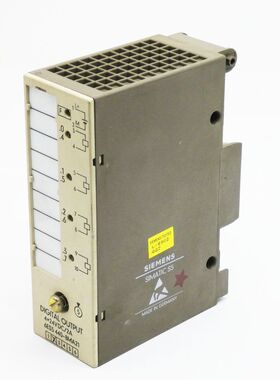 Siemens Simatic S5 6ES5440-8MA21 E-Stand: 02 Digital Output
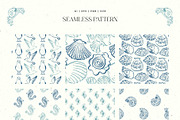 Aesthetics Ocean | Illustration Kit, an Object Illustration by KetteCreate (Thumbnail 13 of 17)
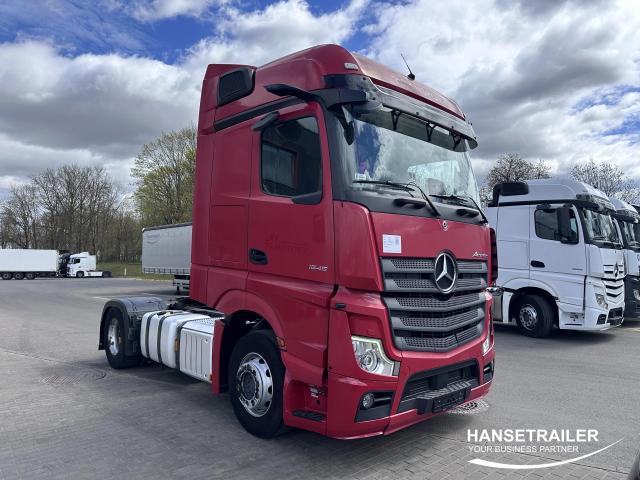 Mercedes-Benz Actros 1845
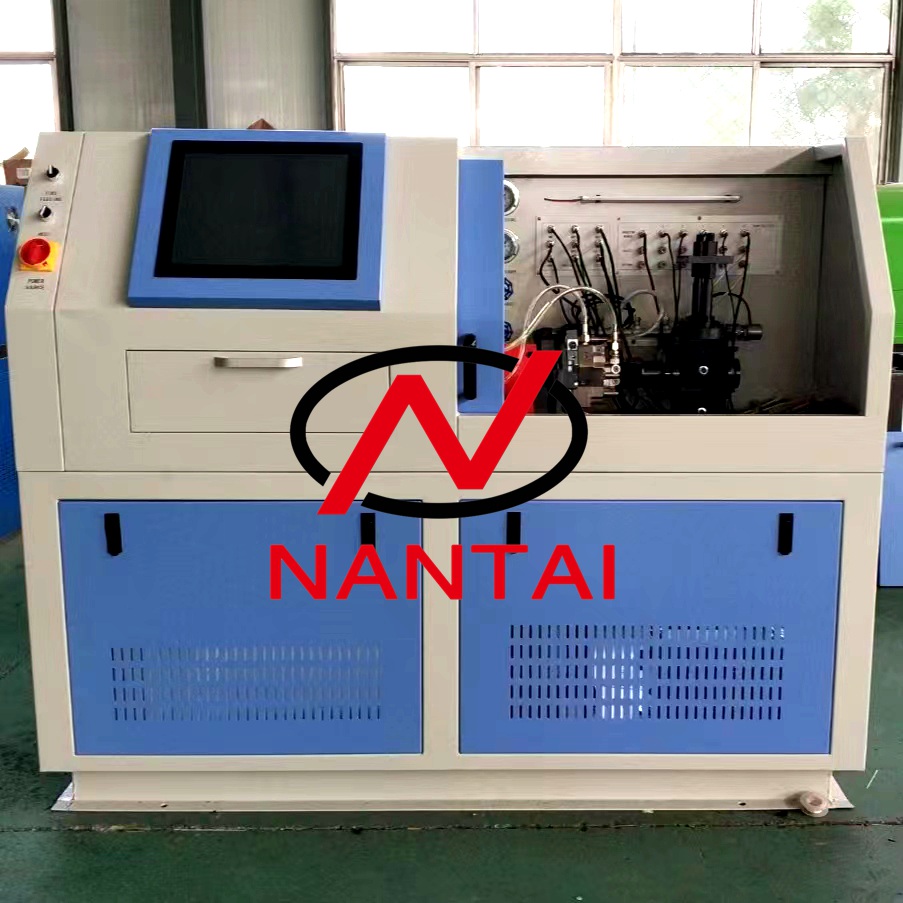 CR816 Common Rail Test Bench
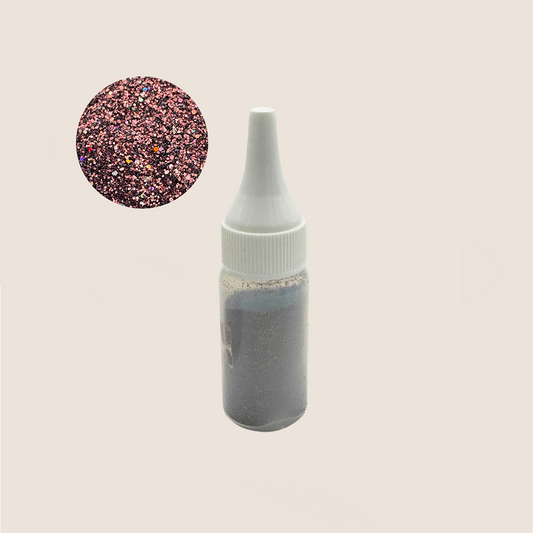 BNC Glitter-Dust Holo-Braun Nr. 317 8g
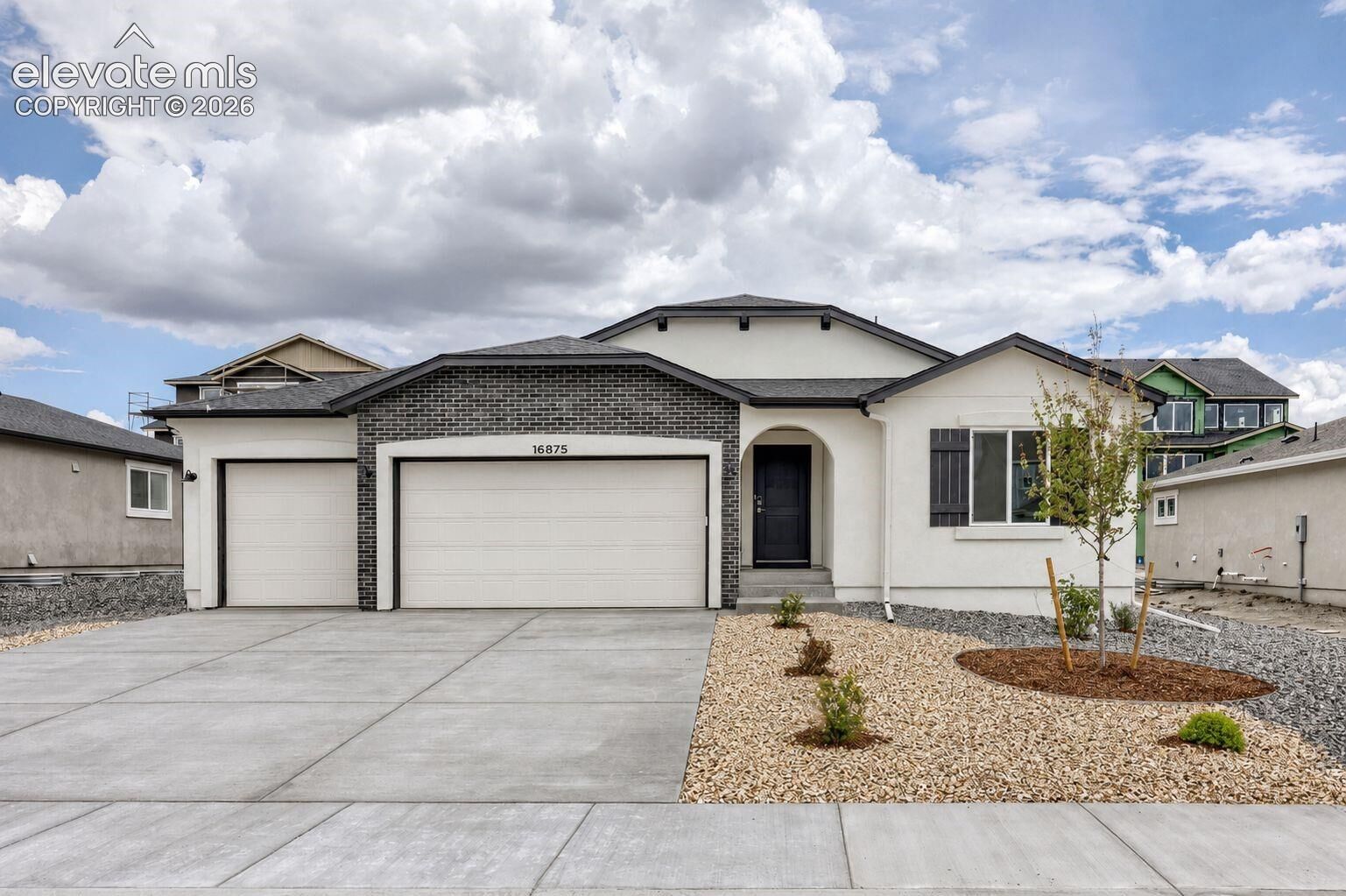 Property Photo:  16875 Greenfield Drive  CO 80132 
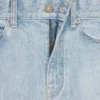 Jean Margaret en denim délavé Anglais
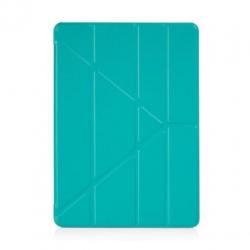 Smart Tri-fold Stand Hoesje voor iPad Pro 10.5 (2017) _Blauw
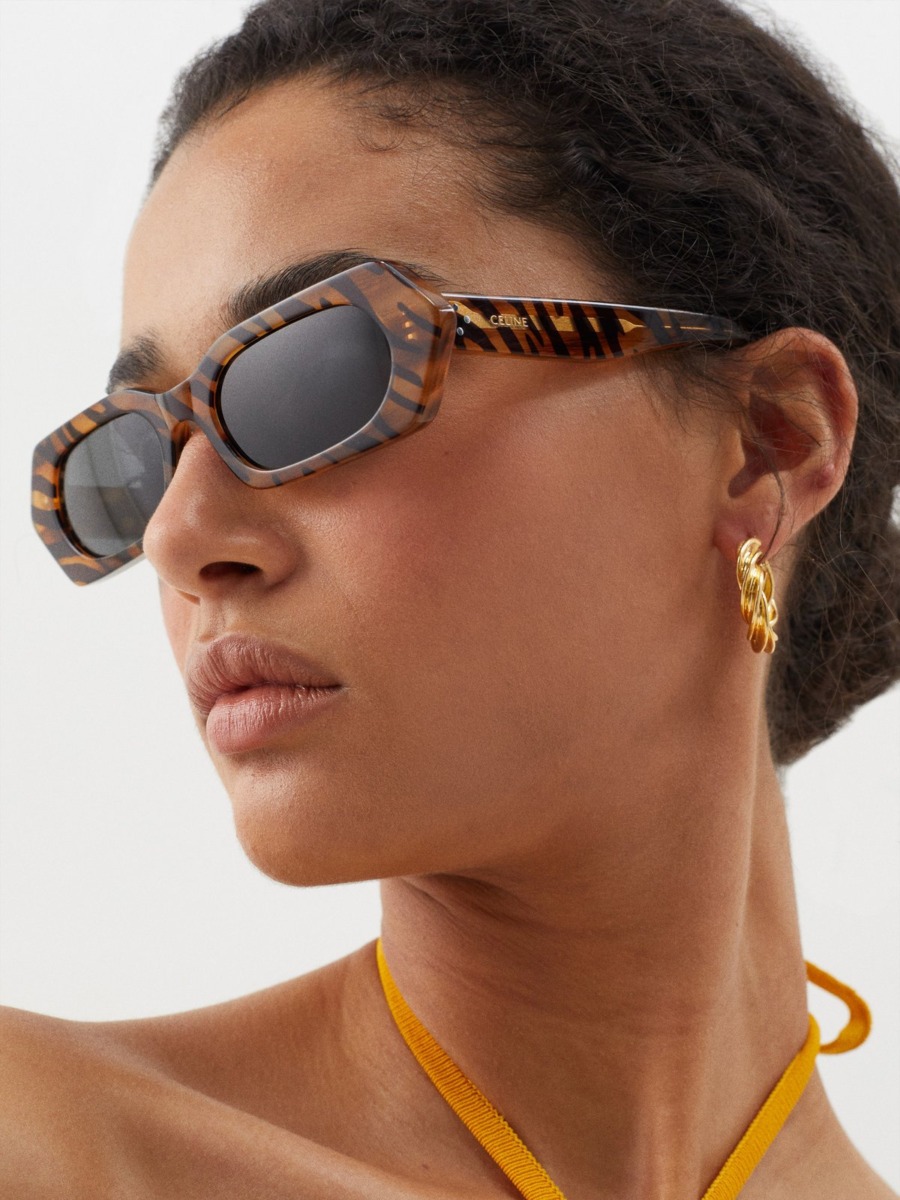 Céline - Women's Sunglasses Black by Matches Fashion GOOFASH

-.-.-

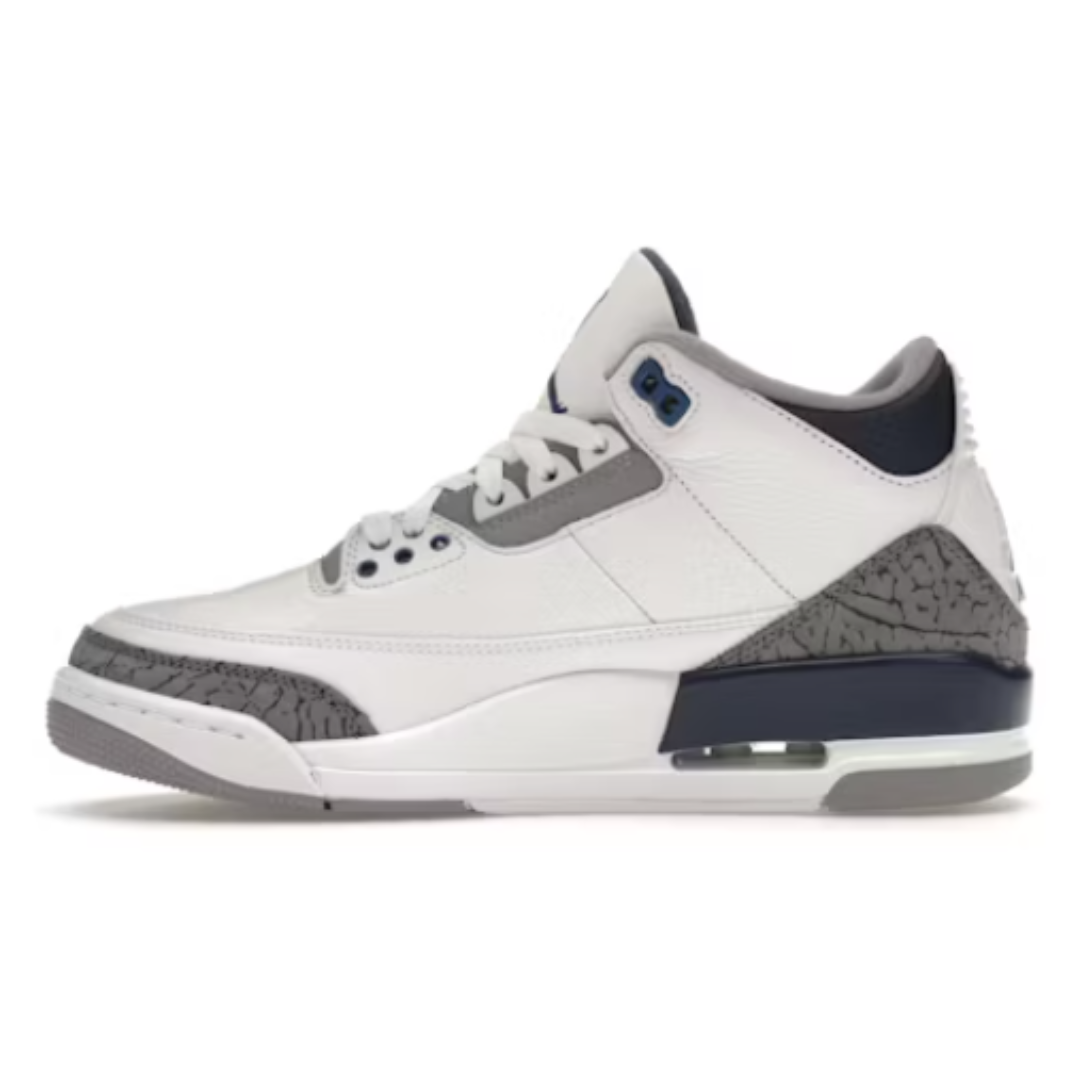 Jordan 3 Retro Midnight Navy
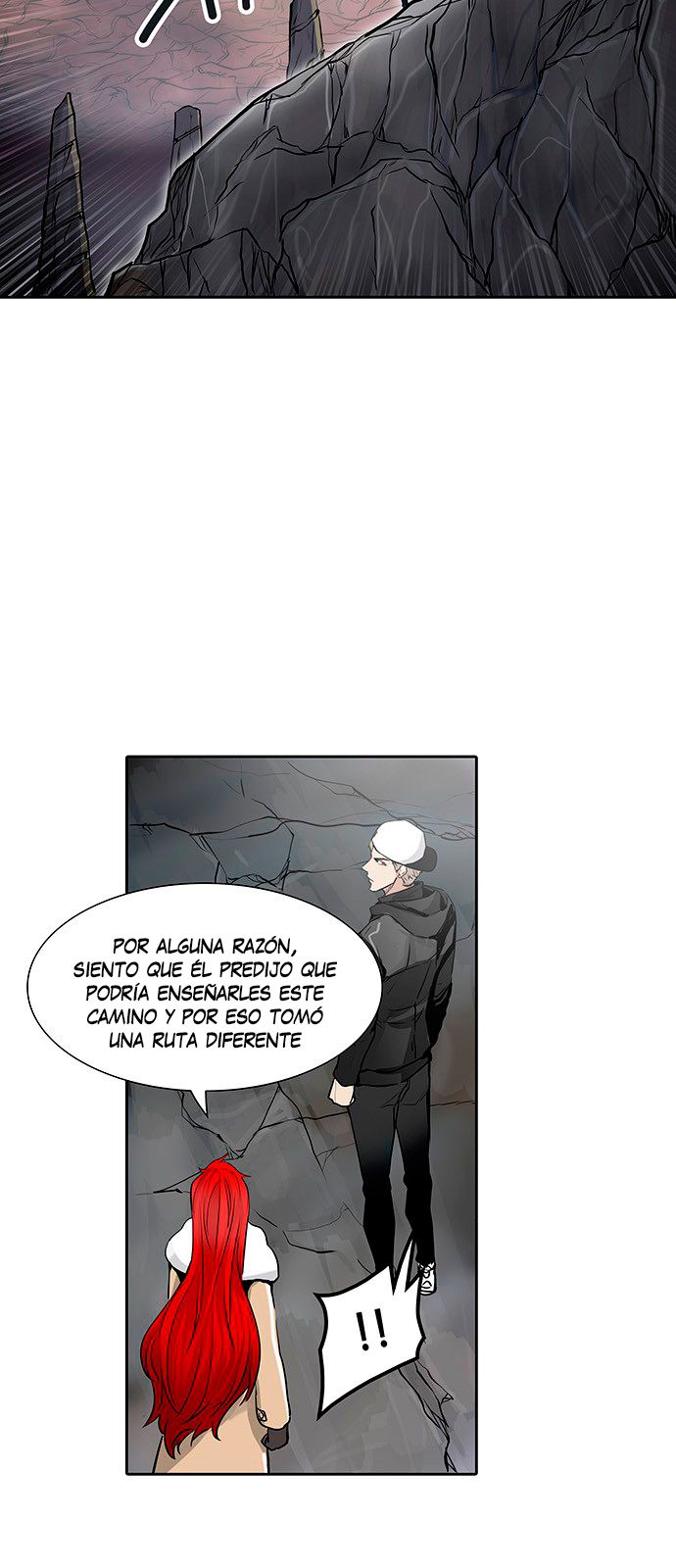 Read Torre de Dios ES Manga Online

-.-.-

* _Problem statement_:
In the data above, start at the line holding "Jordan 3 Retro Midnight Navy" and stop after the line holding "Read Torre de Dios ES Manga Online"; write out those lines exactly, without pictures.

* _Answer to the problem_:
 Jordan 3 Retro Midnight Navy
 Read Torre de Dios ES Manga Online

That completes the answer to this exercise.